Hz. Hızır Hz. Musa’dan açıklayıncaya kadar kendisine soru sormamasını istemiştir
Dedi ki: "Eğer bana uyacak olursan, hiçbir şey hakkında bana soru sorma, ben sana öğütle-anlatıp söz edinceye kadar." (Kehf Suresi, 70)
Hz. Musa ve Hz. Hızır kıssası ile peygambere ve elçilere uymanın önemine bir kez daha dikkat çekilmektedir. Bu tabiyet esnasında müminlerin titiz bir saygı göstermeye ehemmiyet vermeleri gerekmektedir.
Eğer yapılan bir hareketin ya da söylenen bir sözün hikmetleri görülmüyorsa, o zaman Müslümana düşen şey; tabi olduğu elçinin veya mürşidin, hikmetlerini açıklamasını saygıyla beklemektir. Bu bakış açısına sahip bir Müslüman, yapılanın aslında son derece isabetli ve doğru olduğunu hemen fark edecek ve ilk baştaki tavrının hatalı olduğunu kolaylıkla anlayacaktır. Nitekim ayetlerde de tabi olunan kişinin gerekli gördüğü zaman yaptığı işlerin, aldığı kararların ve söylediği sözlerin hikmetini öğütle açıklayacağı bildirilmektedir. Örneğin Hz. Hızır Kehf Suresi'nin bu ayetinde "ben sana öğütle-anlatıp söz edinceye kadar" diyerek, Hz.

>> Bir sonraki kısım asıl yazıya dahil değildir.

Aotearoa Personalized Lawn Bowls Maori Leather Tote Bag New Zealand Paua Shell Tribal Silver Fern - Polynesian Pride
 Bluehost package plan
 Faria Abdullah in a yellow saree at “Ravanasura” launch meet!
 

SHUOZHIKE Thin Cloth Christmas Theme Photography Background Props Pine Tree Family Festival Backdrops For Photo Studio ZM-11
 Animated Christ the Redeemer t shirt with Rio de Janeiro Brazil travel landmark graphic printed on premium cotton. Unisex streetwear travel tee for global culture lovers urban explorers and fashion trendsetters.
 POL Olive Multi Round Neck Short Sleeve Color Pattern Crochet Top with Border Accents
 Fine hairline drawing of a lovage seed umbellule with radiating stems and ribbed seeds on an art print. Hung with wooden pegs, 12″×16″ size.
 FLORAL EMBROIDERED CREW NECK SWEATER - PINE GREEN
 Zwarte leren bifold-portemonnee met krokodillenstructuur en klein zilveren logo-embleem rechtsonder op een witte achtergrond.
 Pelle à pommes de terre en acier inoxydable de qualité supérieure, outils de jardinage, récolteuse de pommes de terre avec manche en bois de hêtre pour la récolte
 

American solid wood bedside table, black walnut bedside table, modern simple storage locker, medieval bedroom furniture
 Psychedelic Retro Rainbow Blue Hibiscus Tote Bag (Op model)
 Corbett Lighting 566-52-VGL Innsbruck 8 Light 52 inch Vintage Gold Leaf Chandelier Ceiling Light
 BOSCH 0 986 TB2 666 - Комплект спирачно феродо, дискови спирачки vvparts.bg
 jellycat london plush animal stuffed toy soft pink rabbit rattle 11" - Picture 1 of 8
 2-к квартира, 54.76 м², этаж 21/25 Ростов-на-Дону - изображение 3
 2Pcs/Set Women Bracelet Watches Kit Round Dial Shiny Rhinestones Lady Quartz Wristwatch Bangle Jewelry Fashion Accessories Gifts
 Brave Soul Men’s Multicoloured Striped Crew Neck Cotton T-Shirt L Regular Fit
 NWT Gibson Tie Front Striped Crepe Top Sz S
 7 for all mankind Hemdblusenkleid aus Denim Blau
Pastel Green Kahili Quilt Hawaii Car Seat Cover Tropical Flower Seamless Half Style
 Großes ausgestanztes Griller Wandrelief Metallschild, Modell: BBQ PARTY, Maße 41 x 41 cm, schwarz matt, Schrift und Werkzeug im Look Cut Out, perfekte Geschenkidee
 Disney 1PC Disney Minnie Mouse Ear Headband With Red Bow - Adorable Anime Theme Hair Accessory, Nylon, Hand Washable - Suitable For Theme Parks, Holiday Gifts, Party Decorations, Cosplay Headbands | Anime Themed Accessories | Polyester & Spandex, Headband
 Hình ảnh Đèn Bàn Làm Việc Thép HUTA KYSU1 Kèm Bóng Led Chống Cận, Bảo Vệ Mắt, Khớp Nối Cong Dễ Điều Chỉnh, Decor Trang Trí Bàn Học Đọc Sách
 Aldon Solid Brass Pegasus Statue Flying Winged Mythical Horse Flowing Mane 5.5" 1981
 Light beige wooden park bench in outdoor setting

Musa'ya karşılaştığı olayların hikmetini açıklayacağını hissettirmiştir.
Hz. Hızır bindikleri gemiyi delmiştir
Böylece ikisi yola koyuldu. Nitekim bir gemiye binince, o bunu (gemiyi) deliverdi. (Musa) Dedi ki: "içindekilerini batırmak için mi onu deldin? Andolsun, sen şaşırtıcı bir iş yaptın." (Kehf Suresi, 71)
Kehf Suresi'nin bu ayetinden Hz. Musa'nın Hz. Hızır ile olan yolculuğu sırasında yanına genç arkadaşını almadığı anlaşılmaktadır. Bu seçimin pek çok hikmeti olabilir. Ancak bunlardan biri, ikili eğitimin önemine işaret etmesidir.
Ayette bildirilen olay, Hz. Hızır'ın ilk karşılaştıklarında ona söylediği sabır gösteremeyeceği olaylardan birinin kaderinde gerçekleştiği andır. Hz. Hızır'a geleceğe dair verilen bilginin bir kısmı böylece gerçekleşmiştir. Hz. Musa ise kaderinde yazılı olduğu için bu soruyu sormuştur. Burada bir peygamber zellesi oluşmuştur.
Zelle, peygamberlerin yanılmaları, unutmaları veya yanlışlık eseri yaptıkları davranışlarına verilen isimdir. Bu zellelerin her biri çok büyük hayırlarla ve hikmetlerle, elçilerin kaderlerinde yaratılmaktadır. Kaderde her bir zellenin oluşacağı an ve yer bilinmektedir ve bellidir. Allah bu ayetlerle bizlere bu tip zellelerin oluşabileceğini bildirmektedir.